**PROBLEM DESCRIPTION:**
Restate the records in full and exactly, with no images included.

**DATA FOR THIS EXERCISE:**
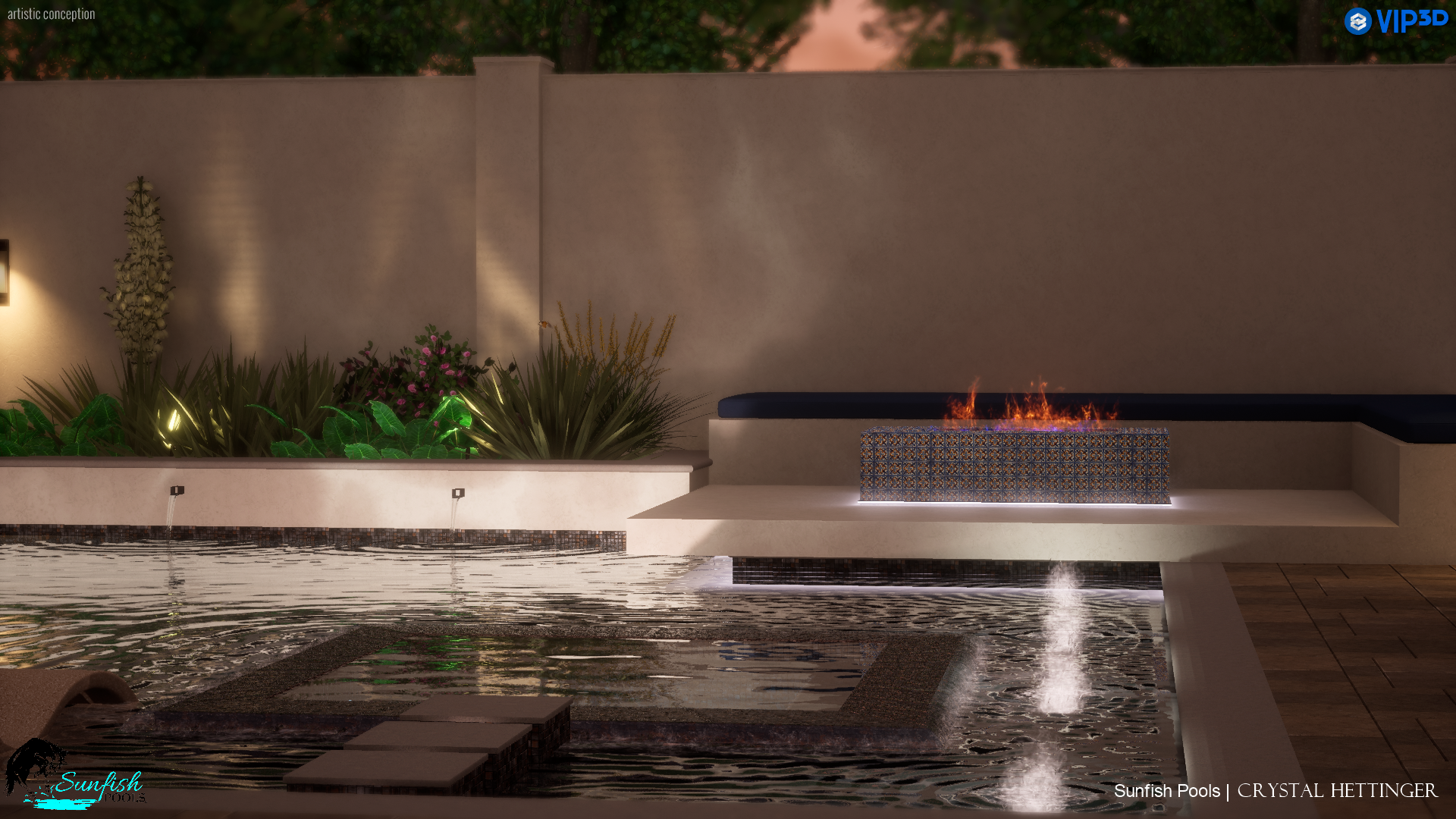 Jake-crystal-hettinger-jacksboro-wise-jack-wichita-montague-pool-builder-renovation-residential-commercial-equine-wichita-falls-texasCremeens_003.png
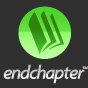 EndChapter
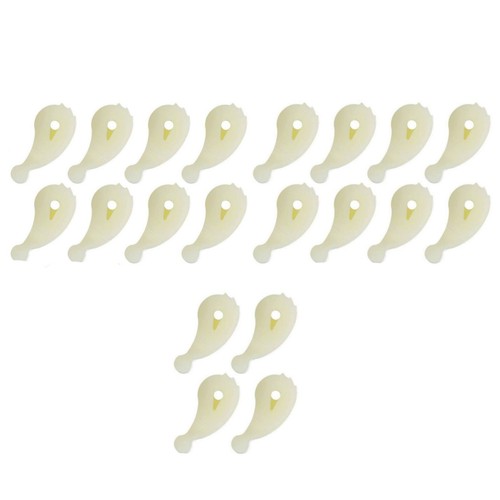 20pcs 80040 washer agitator - washer,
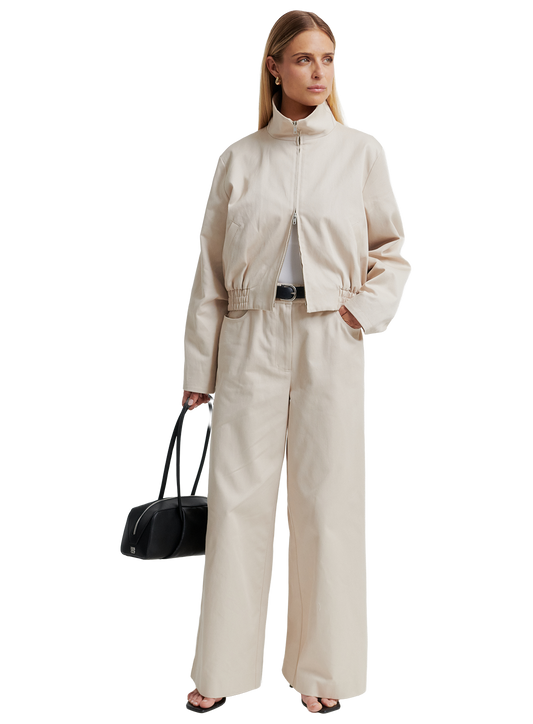 SFM1JEA00001CTW_Soft+Beige_0.png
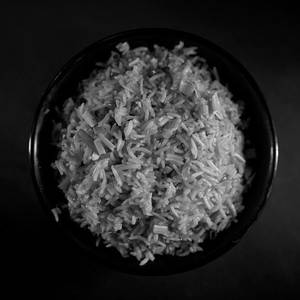 Veg Fried Rice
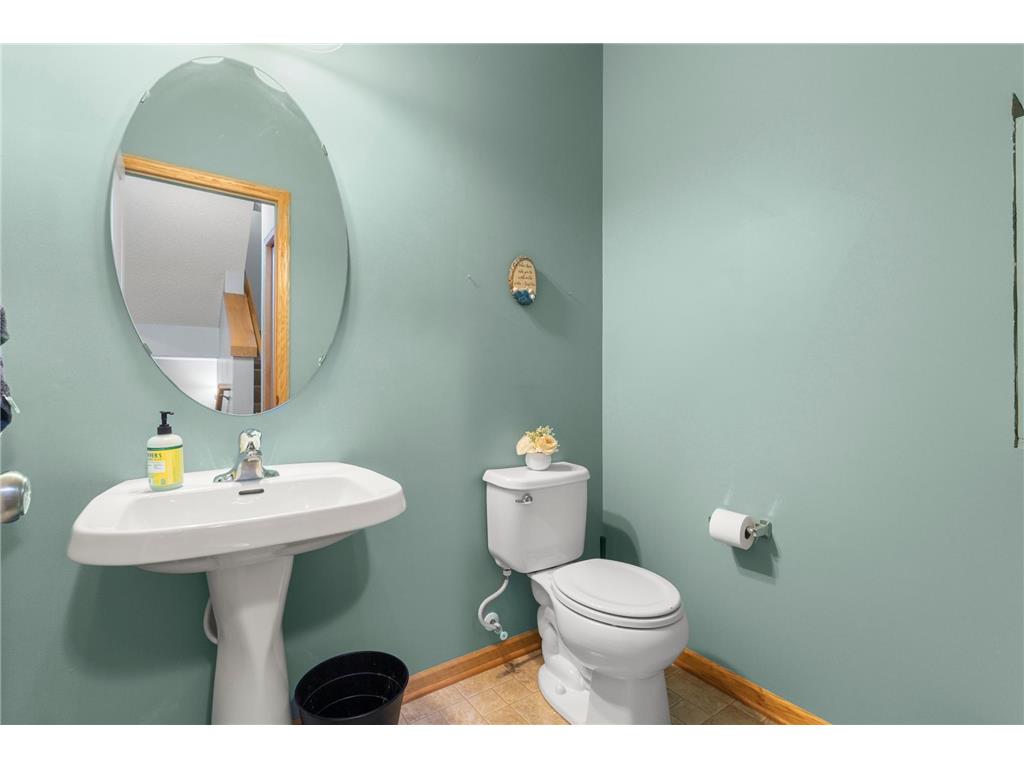 4665 Victor Path #6 Hugo MN 55038 6818388 image14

**TASK RESPONSE:**
 Jake-crystal-hettinger-jacksboro-wise-jack-wichita-montague-pool-builder-renovation-residential-commercial-equine-wichita-falls-texasCremeens_003.png
 EndChapter
 20pcs 80040 washer agitator - washer,
 SFM1JEA00001CTW_Soft+Beige_0.png
 Veg Fried Rice
 4665 Victor Path #6 Hugo MN 55038 6818388 image14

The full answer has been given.